The Fair Work (Commonwealth Powers) Amendment Bill 2018 passed the state’s upper house on Monday, which will iron out these problems.
Now, more than 130,000 VPS employees, including departmental staff — which includes teachers, transport planners, prison staff and legal aid workers — will be able to negotiate about things like staffing levels, how staff are engaged and the promotion of secure employment.
If included in a future agreement, this would give unions and workers more power to argue regular casual employees should be converted to more secure work, for example.

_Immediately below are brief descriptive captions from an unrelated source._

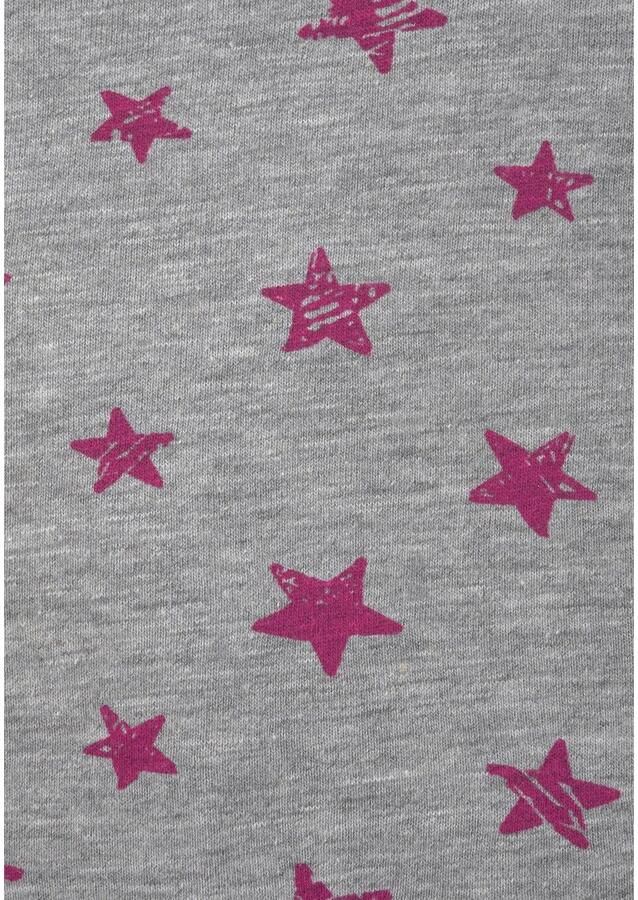 Petite fleur Jumpsuit leuke modellerende body voor het relaxen all-over gedessineerd - Foto 3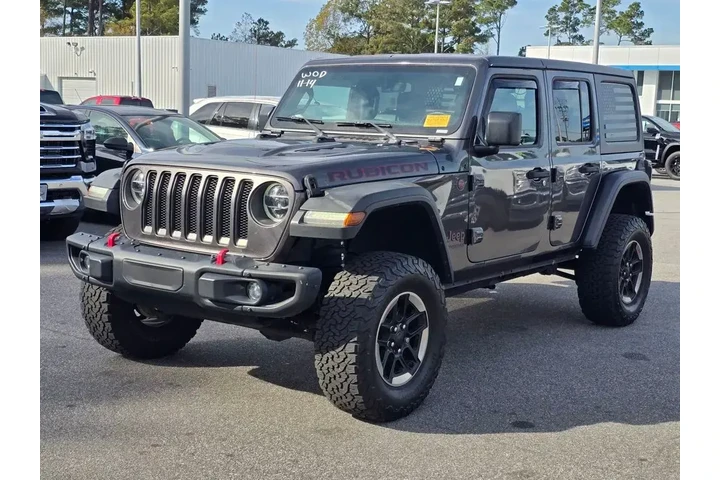 $28991 : Jeep Wrangler Unlimited 2018 image 7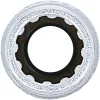 BGS technic 1/4" Hosszított dugókulcs "Gear Lock", 7 mm (BGS 10157)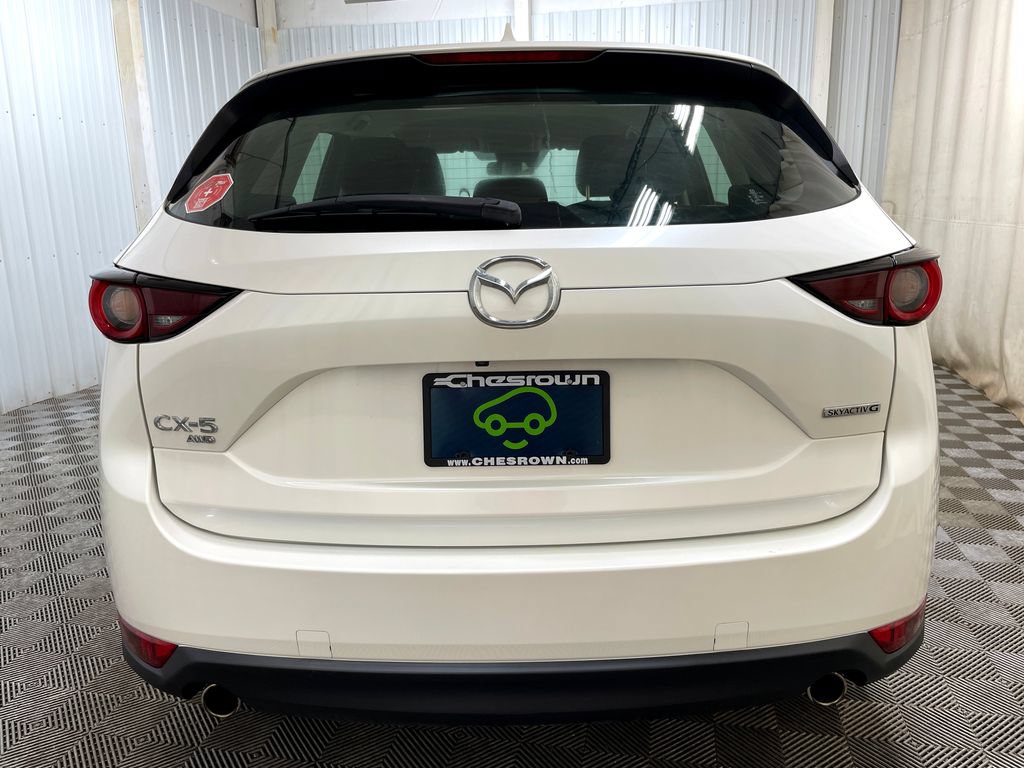 Used 2020 MAZDA CX-5 Sport AWD/4WD image 13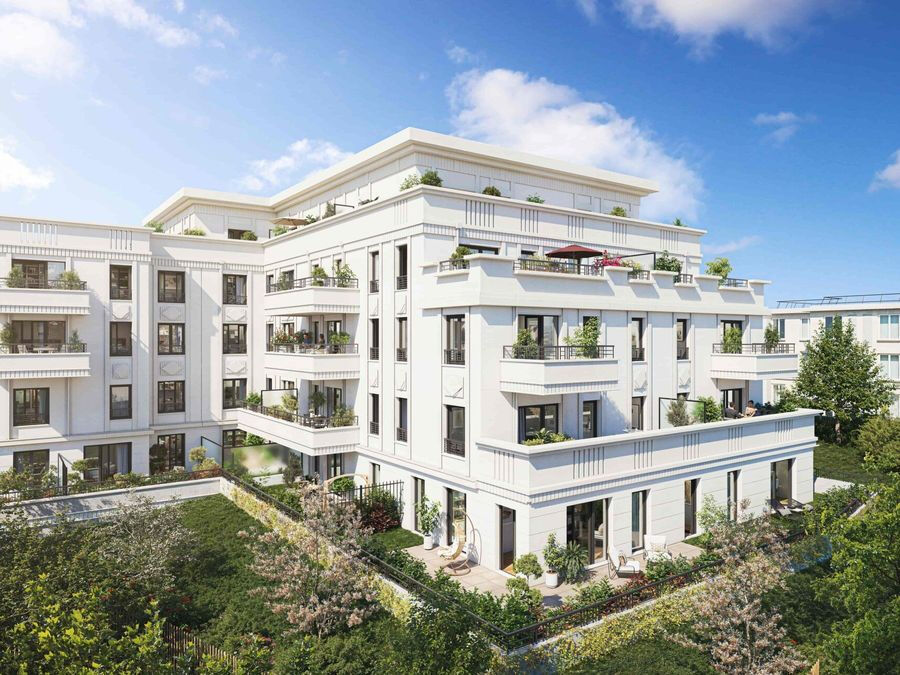 Appartement LE PLESSIS ROBINSON (92350) 5 pi&egrave;ces 104.60 m&sup2;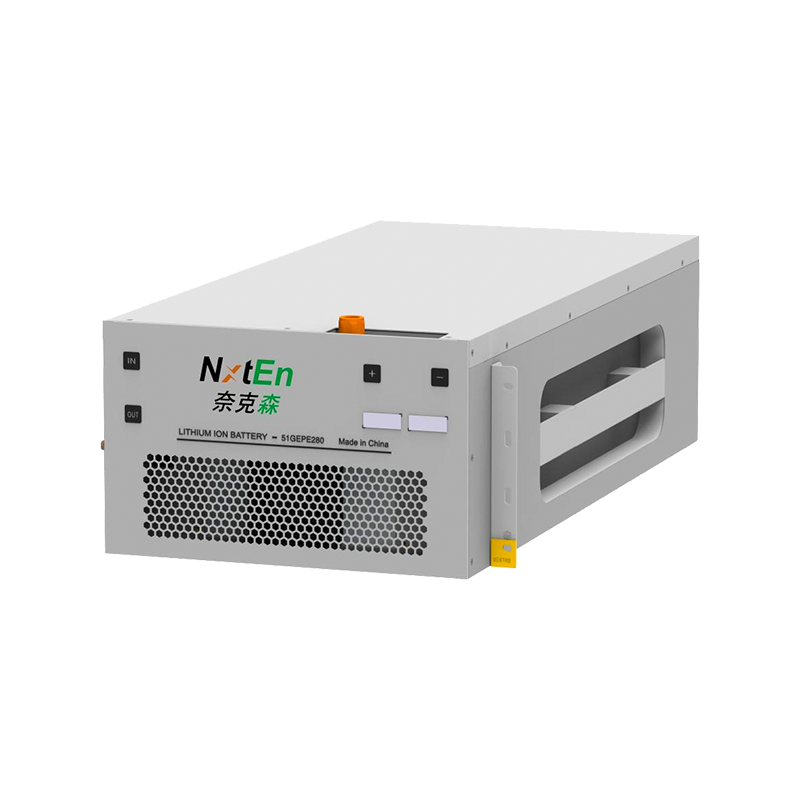 Air-cooled na baterya ng imbakan ng enerhiya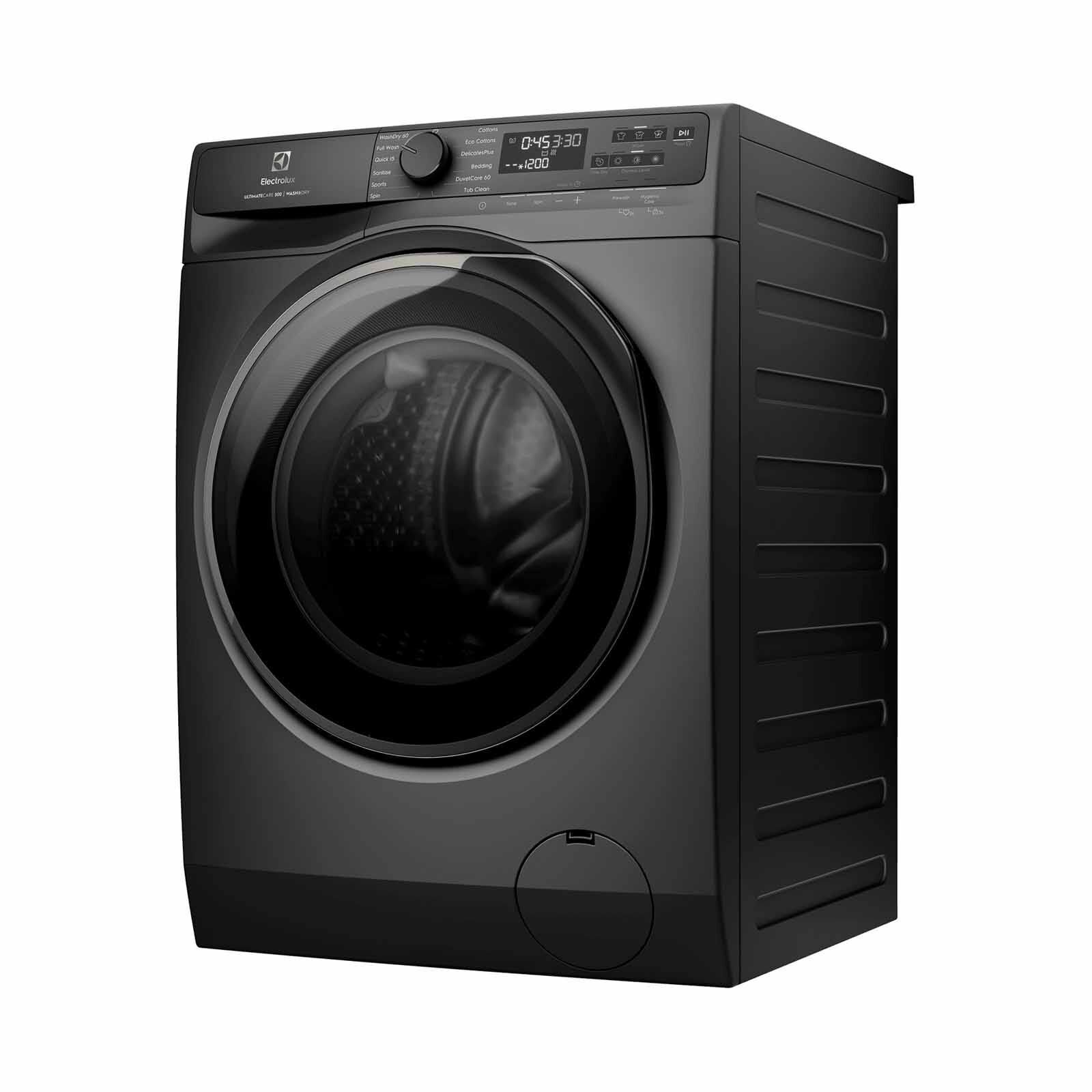 ELECTROLUX Front Load Washer And Dryer (10kg/7kg)/(ultimatecare 500) EWW1023P5SC-image 3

Many public sector employees already enjoyed this right, which applied to what are known in legalese as constitutional corporations, including some public sector organisations. This legal disparity resulted from a 2015 Federal Court decision, but the issue has been 25 years in the making, ever since then-premier Jeff Kennett referred some of Victoria’s industrial relations powers to the Commonwealth in 1996.
The amendments will not change enterprise agreements that have already been concluded within the public sector.
The bill does not mean these clauses can be imposed on public sector employers. They extend the right to include them, and will only be included where the parties agree.
Sworn police are excluded from the changes.
The Community and Public Sector Union is certainly happy with the result, with Victorian Branch Secretary Karen Batt tweeting: “All VIC workers, public and private, now equal again.”